# Zanchius - God, author of sin?



## JM (Jun 2, 2020)

*

*
God, as the primary and efficient cause of all things, is not only the Author of those actions done by His elect as actions, but also as they are good actions, whereas, on the other hand, though He may be said to be the Author of all the actions done by the wicked, yet He is not the Author of them in a moral and compound sense as they are sinful; but physically, simply and _sensu diviso _as they are mere actions, abstractedly from all consideration of the goodness or badness of them.

Although there is no action whatever which is not in some sense either good or bad, yet we can easily conceive of an action, purely as such, without adverting to the quality of it, so that the distinction between an action itself and its denomination of good or evil is very obvious and natural.
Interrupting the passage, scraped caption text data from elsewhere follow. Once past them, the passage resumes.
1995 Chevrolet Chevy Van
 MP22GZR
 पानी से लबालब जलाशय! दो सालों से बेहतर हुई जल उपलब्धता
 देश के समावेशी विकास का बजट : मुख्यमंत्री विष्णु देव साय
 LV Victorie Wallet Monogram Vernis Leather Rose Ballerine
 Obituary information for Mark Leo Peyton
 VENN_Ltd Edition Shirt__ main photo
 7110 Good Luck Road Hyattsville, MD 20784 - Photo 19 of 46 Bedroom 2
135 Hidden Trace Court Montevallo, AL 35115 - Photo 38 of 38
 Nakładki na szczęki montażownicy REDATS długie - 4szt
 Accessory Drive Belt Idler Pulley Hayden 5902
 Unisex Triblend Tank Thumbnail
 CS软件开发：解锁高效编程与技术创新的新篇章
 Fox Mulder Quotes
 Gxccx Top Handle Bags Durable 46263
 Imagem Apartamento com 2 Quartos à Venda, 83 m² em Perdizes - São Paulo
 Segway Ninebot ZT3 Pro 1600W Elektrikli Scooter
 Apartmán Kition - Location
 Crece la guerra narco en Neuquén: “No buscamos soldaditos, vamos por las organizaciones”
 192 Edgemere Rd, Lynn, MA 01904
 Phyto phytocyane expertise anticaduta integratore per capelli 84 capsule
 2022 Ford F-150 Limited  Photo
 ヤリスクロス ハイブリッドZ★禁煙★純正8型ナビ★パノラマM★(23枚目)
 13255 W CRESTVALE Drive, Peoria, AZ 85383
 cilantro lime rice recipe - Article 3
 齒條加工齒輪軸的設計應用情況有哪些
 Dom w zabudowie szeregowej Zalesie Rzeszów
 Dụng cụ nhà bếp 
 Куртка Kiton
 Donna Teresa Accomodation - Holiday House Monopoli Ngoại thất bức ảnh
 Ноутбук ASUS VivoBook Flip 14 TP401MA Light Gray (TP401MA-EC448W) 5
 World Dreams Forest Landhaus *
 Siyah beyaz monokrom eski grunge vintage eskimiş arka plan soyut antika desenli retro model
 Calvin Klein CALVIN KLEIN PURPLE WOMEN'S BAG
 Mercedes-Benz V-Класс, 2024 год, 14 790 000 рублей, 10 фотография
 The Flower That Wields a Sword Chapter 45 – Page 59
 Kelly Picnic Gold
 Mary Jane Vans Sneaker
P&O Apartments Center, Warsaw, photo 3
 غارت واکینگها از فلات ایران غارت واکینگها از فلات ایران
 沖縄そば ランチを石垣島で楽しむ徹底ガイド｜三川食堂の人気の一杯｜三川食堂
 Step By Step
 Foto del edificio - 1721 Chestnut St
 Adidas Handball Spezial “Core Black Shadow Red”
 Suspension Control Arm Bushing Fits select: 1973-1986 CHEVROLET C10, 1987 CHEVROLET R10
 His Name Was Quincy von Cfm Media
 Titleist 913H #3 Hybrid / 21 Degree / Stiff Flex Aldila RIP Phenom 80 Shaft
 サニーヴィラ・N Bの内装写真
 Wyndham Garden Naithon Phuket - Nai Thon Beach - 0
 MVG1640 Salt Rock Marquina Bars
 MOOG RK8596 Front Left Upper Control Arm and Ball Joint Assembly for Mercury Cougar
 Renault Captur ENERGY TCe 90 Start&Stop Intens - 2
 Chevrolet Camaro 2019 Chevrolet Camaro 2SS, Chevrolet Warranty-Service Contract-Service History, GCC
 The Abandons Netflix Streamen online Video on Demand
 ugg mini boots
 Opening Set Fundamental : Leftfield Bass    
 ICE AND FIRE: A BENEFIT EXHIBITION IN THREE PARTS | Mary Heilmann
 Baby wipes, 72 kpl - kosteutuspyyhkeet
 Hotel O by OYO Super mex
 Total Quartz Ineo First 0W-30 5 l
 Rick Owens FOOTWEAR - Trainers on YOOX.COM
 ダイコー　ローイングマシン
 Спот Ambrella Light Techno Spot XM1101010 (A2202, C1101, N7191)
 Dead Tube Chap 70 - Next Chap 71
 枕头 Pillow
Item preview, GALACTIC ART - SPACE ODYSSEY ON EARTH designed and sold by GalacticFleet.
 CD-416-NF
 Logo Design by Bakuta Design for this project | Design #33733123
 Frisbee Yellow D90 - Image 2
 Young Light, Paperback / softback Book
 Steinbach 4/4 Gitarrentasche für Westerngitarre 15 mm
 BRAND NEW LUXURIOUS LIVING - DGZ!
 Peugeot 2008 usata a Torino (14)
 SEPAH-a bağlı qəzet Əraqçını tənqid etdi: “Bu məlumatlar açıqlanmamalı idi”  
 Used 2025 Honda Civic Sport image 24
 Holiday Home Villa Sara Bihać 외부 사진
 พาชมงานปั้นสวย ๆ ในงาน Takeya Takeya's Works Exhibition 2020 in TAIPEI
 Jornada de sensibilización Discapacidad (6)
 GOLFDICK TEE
In and by the elect, therefore, God not only produces works and actions through His almighty power, but likewise, through the salutary influences of His Spirit, first makes their persons good, and then their actions so too; but, in and by the reprobate, He produces actions by His power alone, which actions, as neither issuing from faith nor being wrought with a view to the Divine glory, nor done in the manner prescribed by the Divine Word, are, on these accounts, properly denominated evil. Hence we see that God does not, immediately and _per se, _infuse iniquity into the wicked; but, as Luther expresses it, powerfully excites them to action, and withholds those gracious influences of His Spirit, without which every action is necessarily evil. That God either directly or remotely excites bad men as well as good ones to action cannot be denied by any but Atheists, or by those who carry their notions of free-will and human independency so high as to exclude the Deity from all actual operation in and among His creatures, which is little short of Atheism. Every work performed, whether good or evil, is done in strength and by the power derived immediately from God Himself, “in whom all men live, move, and have their being” (Acts 17.28). As, at first, without Him was not anything made which was made, so, now, without Him is not anything done which is done. We have no power or faculty, whether corporal or intellectual, but what we received from God, subsists by Him, and is exercised in subserviency to His will and appointment. It is He who created, preserves, actuates and directs all things. But it by no means follows, from these premises, that God is therefore the cause of sin, for sin is nothing but auomia, illegality, want of conformity to the Divine law (1 John 3.4), a mere privation of rectitude; consequently, being itself a thing purely negative, it can have no positive or efficient cause, but only a negative and deficient one…[end quote]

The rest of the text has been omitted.